J’ai toujours eu de la sympathie pour ces groupes de reprises qui jouent dans les bals de province, pour les fêtes nationales. Ces vieux rockers, interprétant à la note près les standards pop, sont les fans parfaits, désintéressés, souvent très bons musiciens, s’acharnant à retrouver la note exacte, l’intonation adéquate, pour retranscrire au mieux ces morceaux des Stones ou des Beatles qui les ont toujours fait vibrer. The Kingsbury Manx, quatuor pop-rock originaire de Chapel Hill (Caroline du Nord), n’est pas un groupe de reprises, loin de là, mais sait éveiller ce même sentiment de nostalgie, telle une madeleine de Proust pop, à travers douze chansons évoquant autant d’influences et de souvenirs plus ou moins lointains : Swell (Cross your eyes), Yo La Tengo (Regulard hands), le Velvet (Piss Diary), les Beach Boys (Hawaï in ten seconds), Eliott Smith (How cruel), le early Pink Floyd (Fields), Simon and Garfunkel (Whether or Not it matters), ou encore Palace, Low, Dump ou les Red House Painters, autant de groupes unis par la même exigence mélodique, la même science harmonique, ici chapeautés par l’esprit vivant des sixties psychédéliques.
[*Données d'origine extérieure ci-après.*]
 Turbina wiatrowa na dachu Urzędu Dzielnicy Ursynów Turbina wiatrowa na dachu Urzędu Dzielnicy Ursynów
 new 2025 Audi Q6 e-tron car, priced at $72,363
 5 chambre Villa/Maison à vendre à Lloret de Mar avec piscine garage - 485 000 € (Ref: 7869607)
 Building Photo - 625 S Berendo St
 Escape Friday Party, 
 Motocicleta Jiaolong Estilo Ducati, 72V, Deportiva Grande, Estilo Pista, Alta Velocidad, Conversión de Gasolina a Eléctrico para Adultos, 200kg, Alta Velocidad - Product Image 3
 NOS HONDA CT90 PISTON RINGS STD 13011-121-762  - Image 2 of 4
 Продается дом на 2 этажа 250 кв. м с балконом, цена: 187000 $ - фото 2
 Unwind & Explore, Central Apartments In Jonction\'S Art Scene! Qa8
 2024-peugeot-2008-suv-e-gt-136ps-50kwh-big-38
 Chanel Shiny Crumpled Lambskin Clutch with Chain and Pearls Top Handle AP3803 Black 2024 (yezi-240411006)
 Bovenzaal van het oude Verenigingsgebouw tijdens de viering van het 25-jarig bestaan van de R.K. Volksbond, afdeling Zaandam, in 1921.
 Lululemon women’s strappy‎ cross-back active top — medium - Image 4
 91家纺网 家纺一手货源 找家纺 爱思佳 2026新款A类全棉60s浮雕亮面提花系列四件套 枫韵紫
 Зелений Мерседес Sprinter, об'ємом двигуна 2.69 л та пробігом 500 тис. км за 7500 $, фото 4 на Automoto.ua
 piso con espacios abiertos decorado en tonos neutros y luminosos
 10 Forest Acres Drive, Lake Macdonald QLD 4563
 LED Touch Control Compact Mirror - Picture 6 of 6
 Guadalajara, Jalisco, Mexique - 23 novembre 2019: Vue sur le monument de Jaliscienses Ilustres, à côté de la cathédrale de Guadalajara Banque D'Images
The Kingsbury manx est donc l’album extrêmement référencé d’un groupe qui a su conserver l’essence et l’aisance mélodique d’une certaine tradition du song-writing et de la composition. Musique mnésique, qui commence et finit par de lents fades, comme s’élevant doucement des profondeurs de la mémoire, pour s’éteindre peu à peu, une fois le souvenir mis au jour, les chansons sont arrangées de façon minimale, en demi-teintes, sur un rythme de promenade, les voix à même hauteur que les instruments, souvent doublées, ou en chœur, unifiées par de lancinantes mélodies.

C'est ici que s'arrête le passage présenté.